[INPUT DATA Boundary: Start]

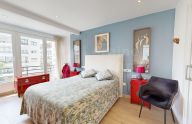 Spacious and bright 3-bedroom apartment in the heart of Marbella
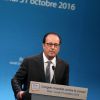 Le président de la République François Hollande fait un discours lors de l'ouverture du Congrès Mondial du Cancer au palais des Congrès à Paris, le 31 octobre 2016. © Dominique Jacovides/Bestimage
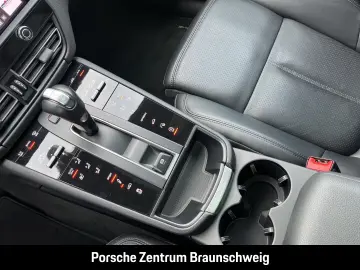 Porsche Macan air suspension  20-inch rearview camera  LED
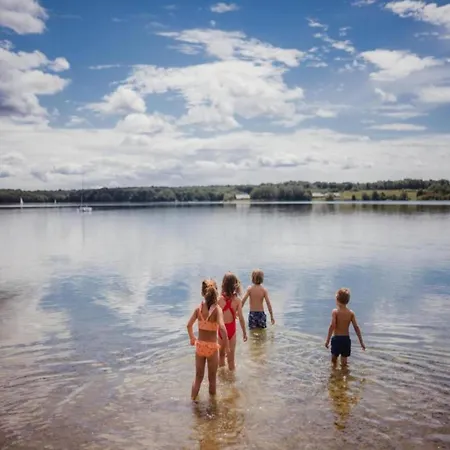 别墅 Serene Luxe Lakeside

[INPUT DATA Boundary: End]

§ **WORK TO BE COMPLETED**
The expected response is every line of the material, written out exactly, with the images removed.

§ **SOLUTION**
 Spacious and bright 3-bedroom apartment in the heart of Marbella
 Le président de la République François Hollande fait un discours lors de l'ouverture du Congrès Mondial du Cancer au palais des Congrès à Paris, le 31 octobre 2016. © Dominique Jacovides/Bestimage
 Porsche Macan air suspension  20-inch rearview camera  LED
 别墅 Serene Luxe Lakeside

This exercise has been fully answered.